As obras do Balneário do Parque 10 de Novembro tiveram início em 10/11/1938 por ocasião do aniversário de um ano do Estado Novo, na administração municipal de Antônio Botelho Maia (1937-1940), irmão do Interventor Federal Álvaro Botelho Maia. As obras foram continuadas na administração de Paulo de La Cruce Grana Marinho (1940-1942), tendo o Balneário sido inaugurado em 19 de abril de 1943, dia do aniversário do Presidente Getúlio Dornelles Vargas, pelo prefeito Antóvila Mourão Vieira (1942-1944). Ocupando uma área de 50 hectares ao norte da Vila Municipal (Adrianópolis), era recortado pelas águas do Igarapé do Mindu, possuindo uma piscina grande para adultos, uma para crianças, um ‘bar-dancing’, restaurante, quadras de tênis, basquete e vôlei e um playground. Foi por muitas décadas considerado o melhor balneário da região Norte. O que restou dele, nos dias de hoje, está coberto pelo mato, em ruínas, com o igarapé poluído.

A Ponte da Bolívia foi construída em 1958 na administração estadual de Plínio Ramos Coelho (1955-1959) sob o Igarapé da Bolívia, na Avenida Torquato Tapajós, AM-010. Esse trecho passou a ser frequentado nos finais de semana, ficando conhecido como Balneário da Ponte da Bolívia. Também foram construídas, assim como no Parque 10 de Novembro, algumas instalações para os frequentadores, embora mais modestas, como um pavilhão e alguns quiosques de madeira e palha. A construção de um aterro sanitário pela Prefeitura em meados da década de 1980 pôs fim, aos poucos, ao igarapé. Em 1994 o Jornal do Comércio publicava, na coluna ‘Linhas Cruzadas’, que "o aterro sanitário do quilômetro 17 da Manaus-Itacoatiara" estava "poluindo tremendamente o Igarapé da Bolívia, aquele que passa por baixo da ponte de mesmo nome" (JORNAL DO COMÉRCIO, 10/06/1994). O chorume dos dejetos penetrava na terra e atingia o igarapé, tornando-o um perigo à saúde pública.

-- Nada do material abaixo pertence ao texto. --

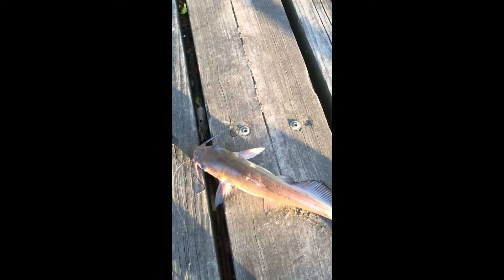This is the setup: a slip rig with a sliding weight, a small bead to protect the swivel, an interlock swivel, line, hook, and chicken liver as bait. Now we're going to unhook this beautiful guy and return him to the water.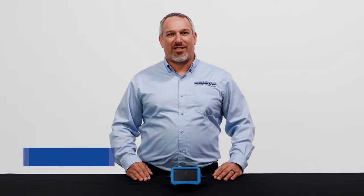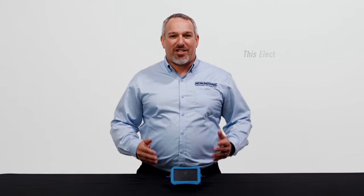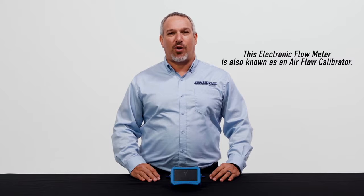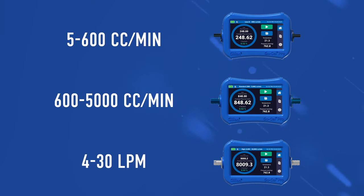Hi, I'm Aaron Apostolico, Sensonine's Product Applications and Research Manager. I'm really excited to talk to you today about our newest addition to our Gillian line of health and safety instruments, the GoCal Pro. This is the next generation of electronic flow meters used for air sampling. This flow meter will come in three different models.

O mais marcante, sem dúvidas, foi o Igarapé do Tarumã, afluente do rio Tarumã, localizado entre as zonas Oeste e Leste da cidade, que já aparece em gravuras e fotografias desde a segunda metade do século XIX, chamando a atenção de viajantes e turistas. Também são afluentes os igarapés do Tarumãzinho e da Cachoeira Alta e Baixa, tão famosos quanto o do Tarumã. Ambos, já na década de 1990, estavam impróprios o banho público. A cada diz toneladas de lixo se acumulam nesses cursos d'água.

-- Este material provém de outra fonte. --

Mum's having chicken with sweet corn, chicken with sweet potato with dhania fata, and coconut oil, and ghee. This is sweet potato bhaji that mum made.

Também existiam balneários particulares, como o Maringá, criado entre o final da década de 1950 e o início da década de 1960, antigamente localizado no quilômetro 06 da Rodovia AM-010, em frente a entrada da boate Saramandaia. Era propriedade particular do casal de comerciantes Alfredo Raposo e Messody Sabbá Raposo. Esse era um balneário de luxo frequentado por pessoas da alta sociedade manauara da época, amigos íntimos do casal Raposo. No local, uma residência, uma grande piscina, um campo de futebol e muitos pés de goiaba e caju. Encerrou suas atividades na década de 1980, quando foi adquirido pela extinta PORTOBRÁS (Empresa de Portos do Brasil). O mais refinado deles foi o Balneário do Bosque Clube, instalado na antiga Estrada de Flores, este cortado pelo Igarapé dos Franceses. Era, no início do século passado, ponto de encontro da colônia inglesa de Manaus, sempre a fazer, nos finais de semana, seus famosos ‘picnics’. O memorialista Luiz de Miranda Corrêa, em seu 'Roteiro Histórico e Sentimental da Cidade do Rio Negro', cita os banhos "Tucunaré, Casablanca e Bancrévea" (CORRÊA, 1969, p. 88).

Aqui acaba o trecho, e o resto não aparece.